Mme Nadia Sollogoub, rapporteur pour avis sur le programme « Hébergement, parcours vers le logement et insertion des personnes vulnérables » de la mission « Cohésion des territoires ». - Le programme 177 constitue l'un des piliers de la mission « Cohésion des territoires ». Au coeur de la politique de lutte contre le sans-abrisme en France, il finance l'hébergement et l'accompagnement social des personnes sans domicile.
Aujourd'hui, la responsabilité de ces dispositifs incombe principalement à l'État, à une exception près : la mise à l'abri des femmes enceintes et des mères isolées avec un enfant de moins de 3 ans, qui relève, en principe, de la compétence des départements.
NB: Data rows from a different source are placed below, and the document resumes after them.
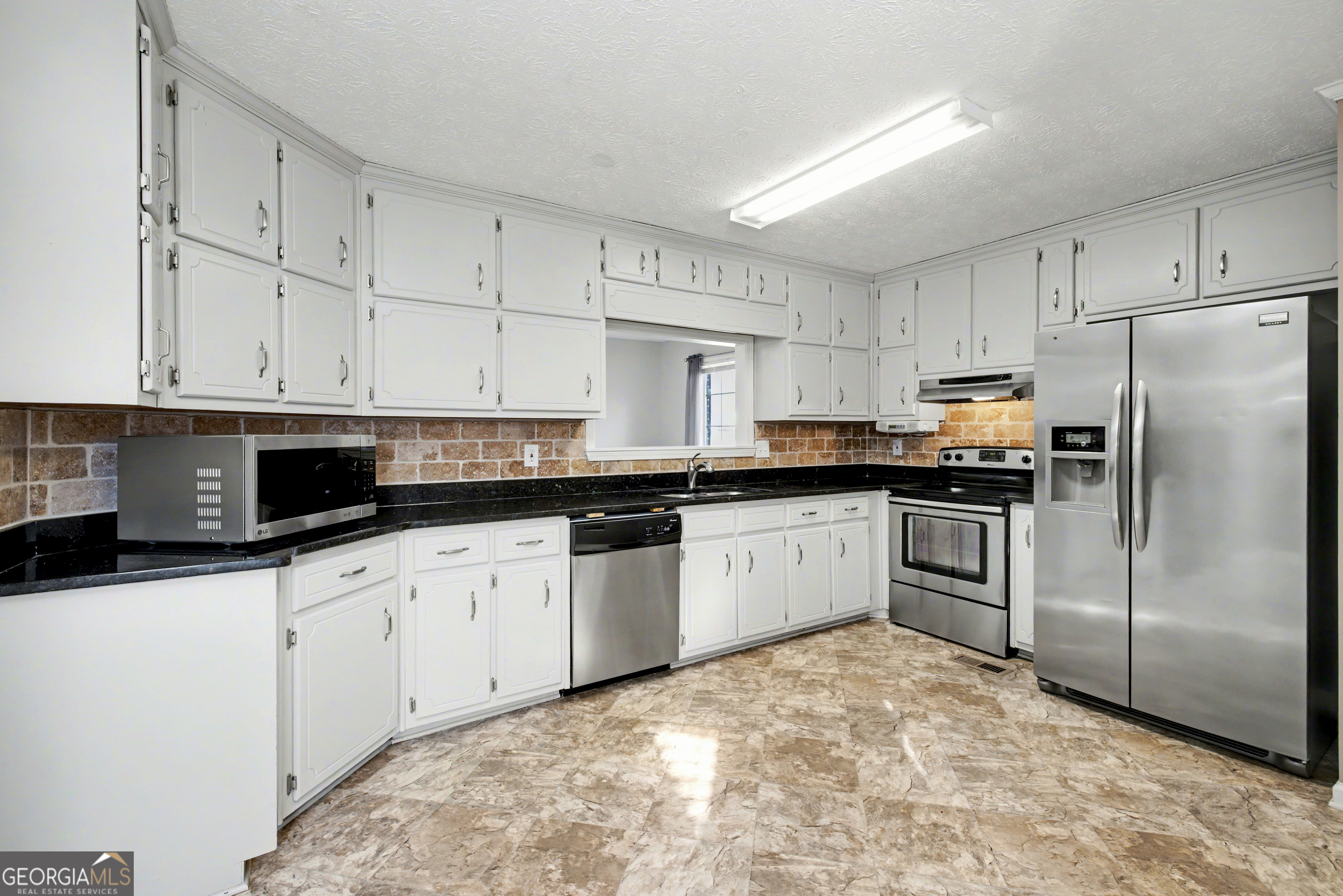130 Cornwallis Way Fayetteville GA 30214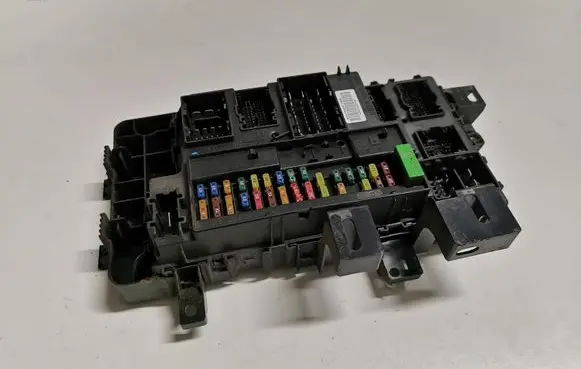 Ford Mustang VI Fuse module FR3T15604BH
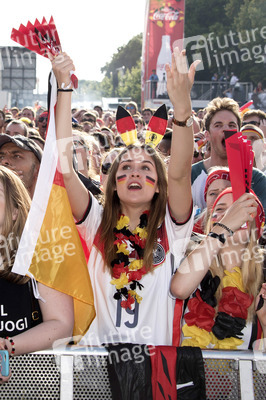 Fanmeile beim UEFA-Fußball-Europameisterschaft 2016 Spiel Deutschland gegen Nordirland in Berlin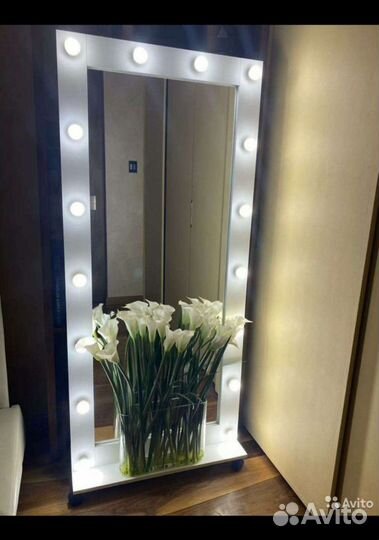 Зеркало напольное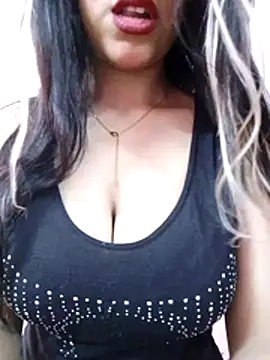 Snapshot of Princessa05 chatting on 2, 5, 2026 Princessa05 online show from 2, 5, 2026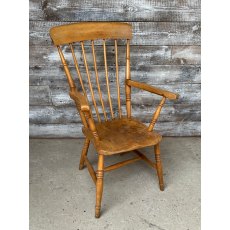 Beautiful Antique English Elm Windsor Armchair Beautiful Antique English Elm Windsor Armchair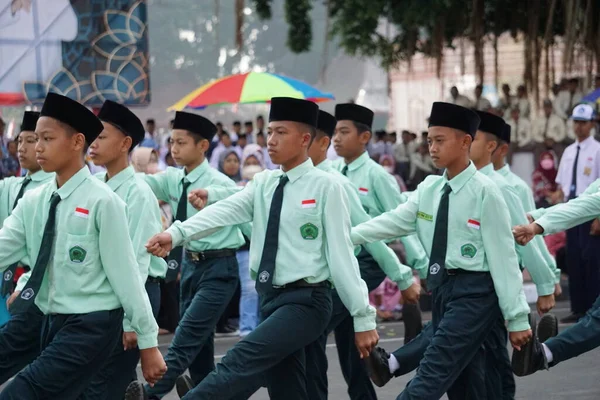 Estudantes Indonésios Ensino Médio Júnior Que Participam Marcha Baris Berbaris — Fotografia de Stock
Le programme 177 soutient un hébergement généraliste inconditionnel, garantissant à toute personne sans domicile un accueil digne et adapté.
Je rappelle cette distinction fondamentale, sur laquelle notre collègue, Mme Rossignol, était revenue lorsqu'elle était rapporteure d'une proposition de loi (PPL) sur le sujet : est considérée comme sans domicile une personne ayant dormi la nuit précédente dans un lieu non prévu à l'habitation - comme la rue ou une voiture - ou dédié à l'hébergement - comme un centre d'hébergement, un centre d'hébergement et de réinsertion sociale (CHRS) ou chez un tiers ; est considérée comme sans abri une personne ayant dormi la nuit précédente dans un lieu non prévu à l'habitation. Ainsi, si les personnes sans abri sont sans domicile, la réciproque n'est pas toujours vraie.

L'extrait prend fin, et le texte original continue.